Python/ceval.c Outdated
// Update last_profiled_frame for remote profiler frame caching.
// By this point, tstate->current_frame is already set to the parent frame.
// The guarded check avoids writes when profiling is not active (predictable branch).
if (tstate->last_profiled_frame != NULL) {
Copy link
Member Author

@pablogsal pablogsal Dec 1, 2025

Choose a reason for hiding this comment

The reason will be displayed to describe this comment to others. Learn more.

TL;DR: This should be obvious but in case someone is worried I did my homework and this guard check has zero measurable cost and pyperformance shows 1.00x (no change). It's literally free.


This is the only place outside the profiler that has a modification, and before anyone considers if this has any effect: the answer is that it has literally zero effect. Here is how I measured it.

The guard check added to _PyEval_FrameClearAndPop compiles down to just two instructions:

278cab: cmpq   $0x0,0x50(%rdi)    ; Compare last_profiled_frame with NULL
278cb0: je     278cba             ; Jump if equal (skip the write)

During normal operation when no profiler is attached, last_profiled_frame is always NULL, which means this branch always takes the exact same path. Modern CPUs predict this perfectly after just a few iterations and never mispredict it again. A perfectly predicted branch executes speculatively with zero pipeline stalls, making it effectively free.

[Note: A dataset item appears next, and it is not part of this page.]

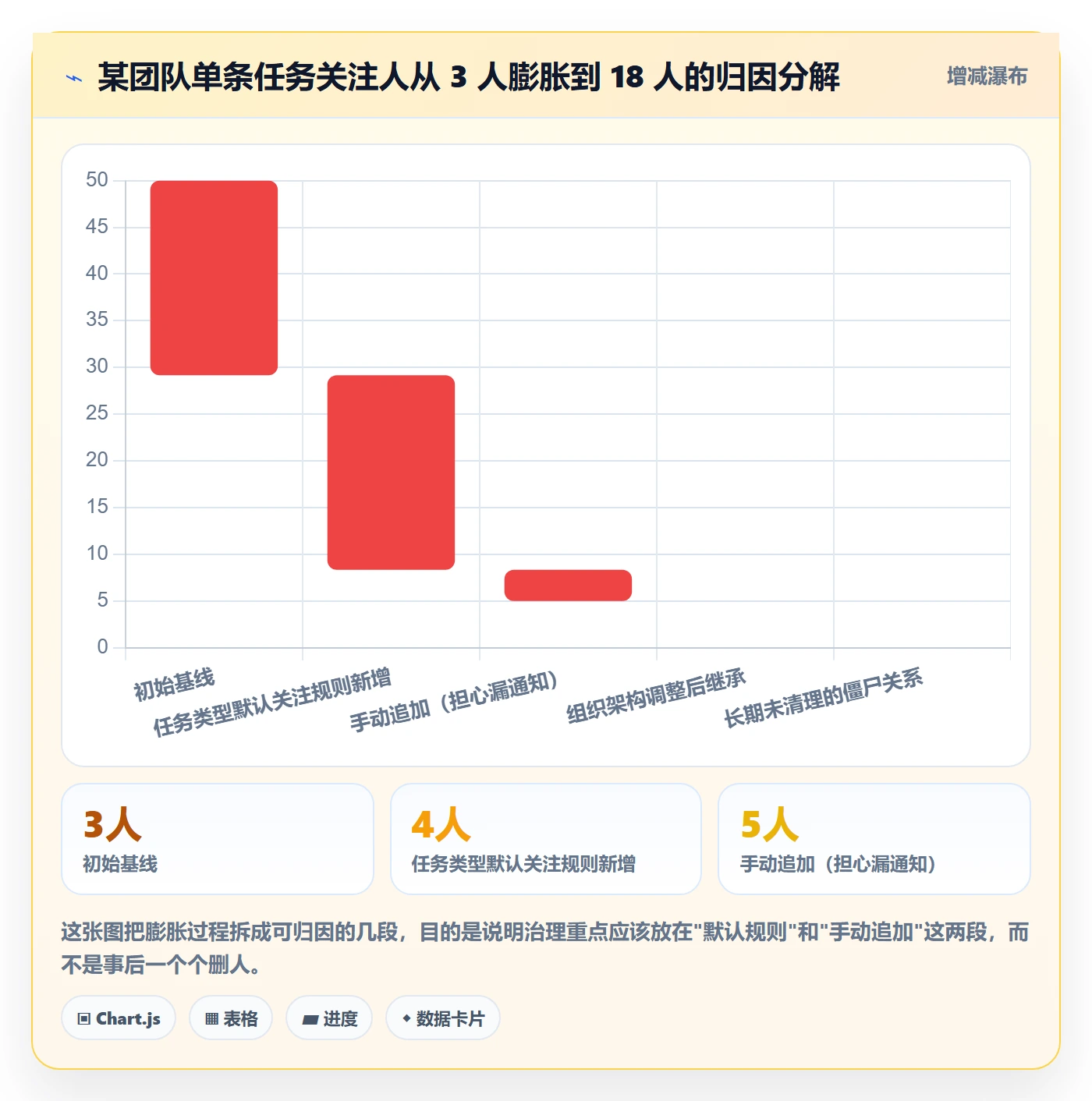 任务管理如何做好关注人？实施团队制度设计与操作步骤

I confirmed this using Linux perf with hardware performance counters. I ran the Python test suite and some selected tests (test_list test_tokenize test_gc test_dict test_ast test_compile) at maximum sample rate (99,999 Hz) collecting separate data files for CPU cycles, branch mispredictions, and cache misses:

perf record -F 99999 -g -o ./perf_cycles.data -- ./python -m test 
perf record -e branch-misses -F 99999 -g -o ./perf_branch_misses.data -- ./python -m test 

First, I checked how much the entire function contributes to total CPU time:

$ perf report -i ./perf_cycles.data --stdio --sort=symbol | grep FrameClearAndPop
# Samples: 20K of event 'cpu_atom/cycles/P'
     0.10%     0.09%  [.] _PyEval_FrameClearAndPop
# Samples: 422K of event 'cpu_core/cycles/P'
     0.12%     0.10%  [.] _PyEval_FrameClearAndPop

The whole function is only 0.10% of cycles on P-cores and 0.09% on E-cores, so we're already in negligible territory. But the real question is whether the guard check causes any branch mispredictions.

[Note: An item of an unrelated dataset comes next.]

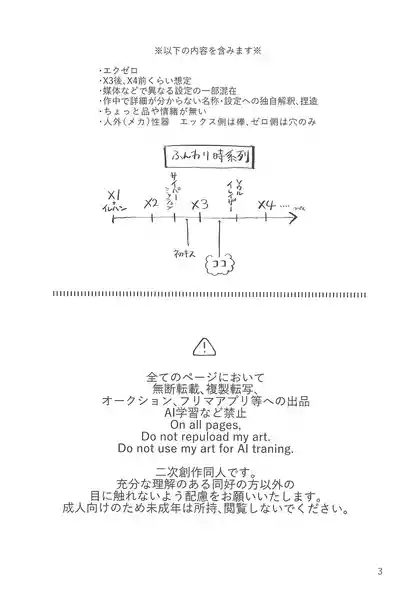 Asakute Fukai Connect 3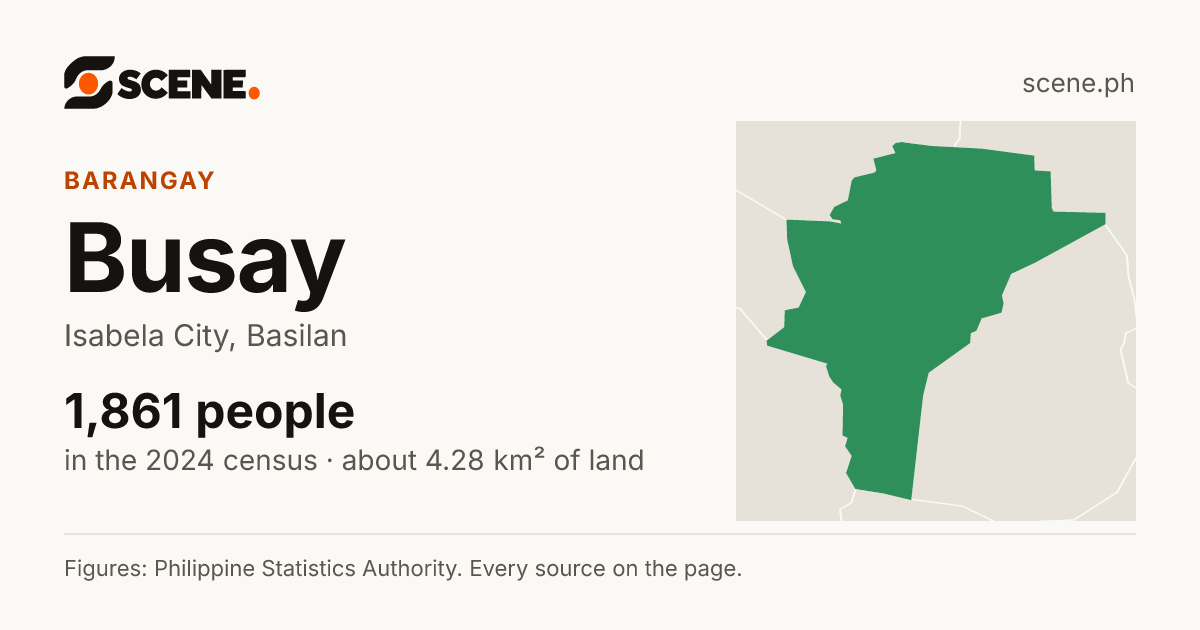 Busay, Isabela City, barangay: 1,861 people in the 2024 census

I checked the function's contribution to total branch misses:

$ perf report -i ./perf_branch_misses.data --stdio --sort=symbol | grep FrameClearAndPop
# Samples: 12K of event 'cpu_atom/branch-misses/'
     0.07%     0.06%  [.] _PyEval_FrameClearAndPop
# Samples: 162K of event 'cpu_core/branch-misses/'
     0.11%     0.11%  [.] _PyEval_FrameClearAndPop

The entire function is only 0.11% of total branch misses. But within that, how much does our guard check contribute? I used perf annotate to see exactly which instructions caused branch misses within the function:

$ perf annotate -i ./perf_branch_misses.data _PyEval_FrameClearAndPop --stdio

This command reads the branch misprediction samples and maps them to specific instructions, showing what percentage of the function's branch misses occurred at each location. The result for our guard check:

; The guard check - if (tstate->last_profiled_frame != NULL)
    0.00 :   278cab: cmpq   $0x0,0x50(%rdi)   ; ← 0.00% branch misses
    0.00 :   278cb0: je     278cba            ; ← 0.00% branch misses (PERFECTLY PREDICTED)

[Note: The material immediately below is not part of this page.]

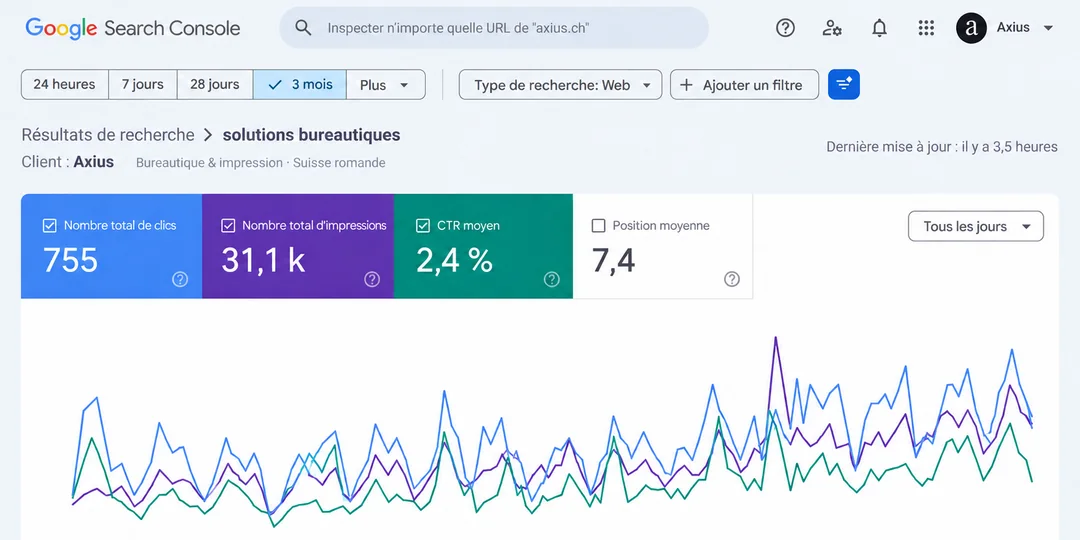 Search Console d'Axius : 1re position sur « solutions bureautiques »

Zero. Not a single branch misprediction was sampled at that instruction across hundreds of thousands of samples. The CPU's branch predictor correctly predicts this branch every single time because it always takes the same path.

For comparison, here's more of the annotated output showing other branches in the same function:

    0.00 :   278cb0: je     278cba    ; Guard check - 0.00% misses
   32.25 :   278cbe: jne    278d00    ; frame->owner check - 32.25% misses
   50.13 :   278cc8: call   2c39e0    ; Function call
   21.62 :   278ce5: je     278d60    ; Refcount check - 21.62% misses

The frame ownership check (frame->owner == FRAME_OWNED_BY_THREAD) accounts for 32.25% of the function's branch misses, and the refcount check (--op->ob_refcnt == 0) accounts for 21.62%. These are data-dependent branches that the CPU cannot predict perfectly. Our guard check contributes exactly 0.00% because it is perfectly predictable, unlike these other branches that depend on runtime data.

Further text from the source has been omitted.